First, in your systematic, numbered reply, you skipped my point about sociology. I wrote that academic sociologists are overwhelmingly left-leaning Democrats and not interested in infusing their profession with political diversity. I then said that you -- such a champion of diversity -- must have a department with culturally, racially and politically diverse colleagues. No answer to that in your point by point response -- and you don't have to answer. That's fine. I happen to see hypocrisy as the salient quality of liberalism in our day -- but seriously, this may be off-base for a public discussion, and on this point, I'll "shut up."
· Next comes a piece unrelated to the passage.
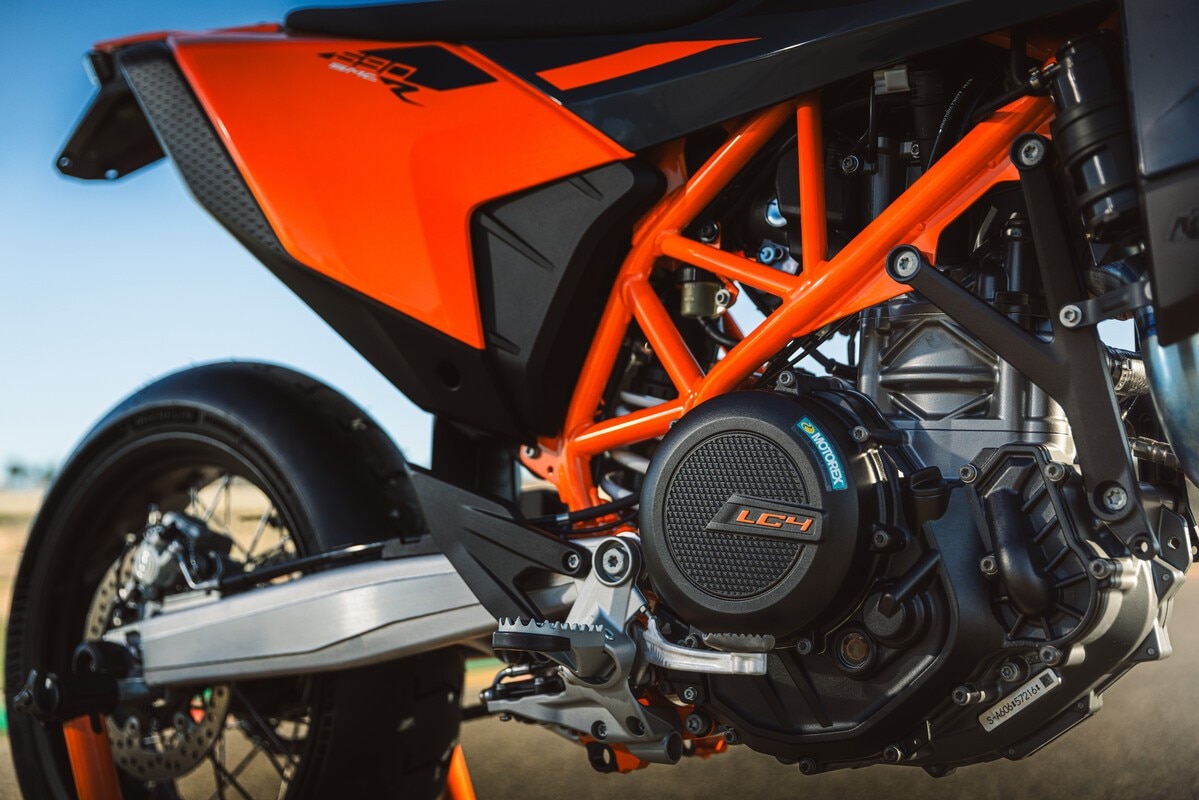 KTM presenta le nuove 690 Enduro R e 690 SMC R 2026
I'll quickly reply to the rest, but your readers will know that I'm right on all points without having to rummage through your oeuvre to cite specific declarations. You oppose charters. Period. You may never have written "I oppose charters" but you oppose them. Your reply to me above is, implicitly, a statement of your opposition. Why deny it? In a society desperate for education reform, actively assembling reasons for not adopting a popular and promising strategy for reform is to oppose it.

The rest is not worth responding to. Your blog is very interesting and full of engaging facts, charts and videos. Your blog is very well done and very active. But please, let's not try to deny that this blog also flacks for Democrat positions and policies. It's called a "soci" blog but c'mon, it's so steeped in conventional left-liberalism that you might as well call it soci-move-on or soci-Mondale-Carter. You provoke with your politics -- and yes, my modest blog on branding will never cause people to laugh in disbelief or to get their blood boiling as this politically-oriented blog will.

Time for me to "shut up." I'll try to keep away!

Jay Livingston said...

There’s a difference between “shut up” and “put up or shut up.” I said the latter. If you don’t have evidence to support what you say, then shut up. Is this requirement of evidence a lefty thing? Apparently so. You do not have any such evidence about my stance on charters or anything else in this post, so you resort once again to mere assertion and name-calling.

Or to put it in your idiom, c’mon brandsinger, you know you have no facts.